Критика смешанной экономики приобрела теоретический окрас с возникновением теории общественного выбора, которая стремилась изобразить работу демократических политических институтов в виде «рынка голосов». Стандартным для этой теории стал вывод – несколько неожиданный, учитывая ее изначальные интенции, – который гласил, что реальные рынки более совершенны, чем политические. Если раньше всячески старались доказать маловажность и автоматическую корректировку провалов рынка, то теперь благодаря теории общественного выбора в оборот вошла идея «провалов государства». Как утверждалось, группы интересов вносят систематические искажения в политический процесс, и поэтому издержки государственного вмешательства всегда оказываются выше издержек от рыночных несовершенств, которые это государство стремится исправить.

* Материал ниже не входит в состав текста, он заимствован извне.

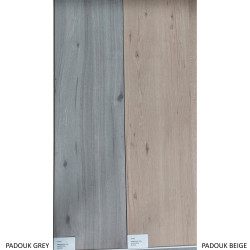 PADOUK BEIGE keramische tegel 120x30x2cm (doos 0,72m²)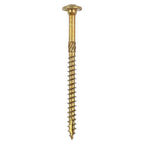 GRK Fasteners 14231 No. 20 x 5-1/8 in. L Star Round Head Construction Screws 20/Pack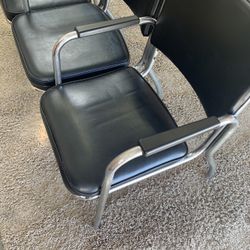 Mid Century - Chair (seats three people) 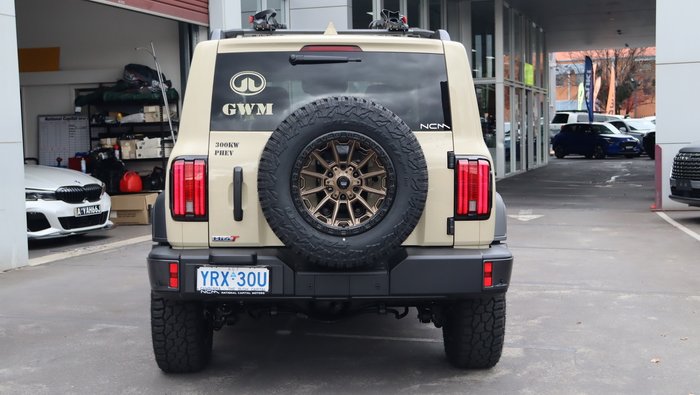 2026 GWM Tank 300 Ultra Hi4-T PHEV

В адрес государственной собственности также посыпались обвинения: в конце 1970-х годов появилась теория прав собственности. Она гласила, что частные корпорации несут ответственность перед акционерами, а следовательно, у менеджмента стимулы обеспечивать эффективность всегда сильнее, чем у чиновников на государственных предприятиях. Хотя результаты многолетних исследований свидетельствовали об обратном – что рядовые акционеры практически бессильны, – теория прав собственности отвечала политическим задачам момента и была встречена с воодушевлением.
Практическое применение теоретических наработок стало возможным в 1979 году с приходом к власти в Великобритании Маргарет Тэтчер. Разочарование кейнсианским управлением макроэкономикой в 1970-х годах, не слишком сильный рост британской экономики на фоне других стран после 1945 года (или начиная с более раннего периода), полноценный кризис конца 1970-х годов – все эти обстоятельства способствовали росту недовольства смешанной экономикой и государственной собственностью.
Хотя денационализация некоторых объектов, изъятых лейбористами, началась раньше, при предыдущих кабинетах консерваторов, правительство Тэтчер принялось распродавать такие предприятия, как British Telecom, со дня своего основания находившиеся под крылом государства. Все началось с популярной меры – предоставления нанимателям муниципального жилья права на его выкуп. Но затем последовала программа, в рамках которой выставили на продажу государственные предприятия по электро– и водоснабжению, телекоммуникационные и транспортные компании – чаще всего через схему публичного размещения акций. Идея приватизации как систематического устранения государства из производства товаров и предоставления услуг обрела плоть.
Примеру Тэтчер вскоре последовали правительства самой разной политической ориентации по всему англоговорящему миру. Британский радикализм обрел почитателей и подражателей в Австралии и Новой Зеландии, которые в области экономической политики по-прежнему старались не отставать от бывшей метрополии. В обеих странах решительные шаги были проделаны правительствами лейбористов.[122]В Австралии кабинеты Хоука и Китинга, действовавшие с 1983 по 1996 год, шаг за шагом двигались к приватизации национальных авиалиний Qantas и государственного банка Commonwealth Bank, вызывая возмущение у многих своих традиционных сторонников.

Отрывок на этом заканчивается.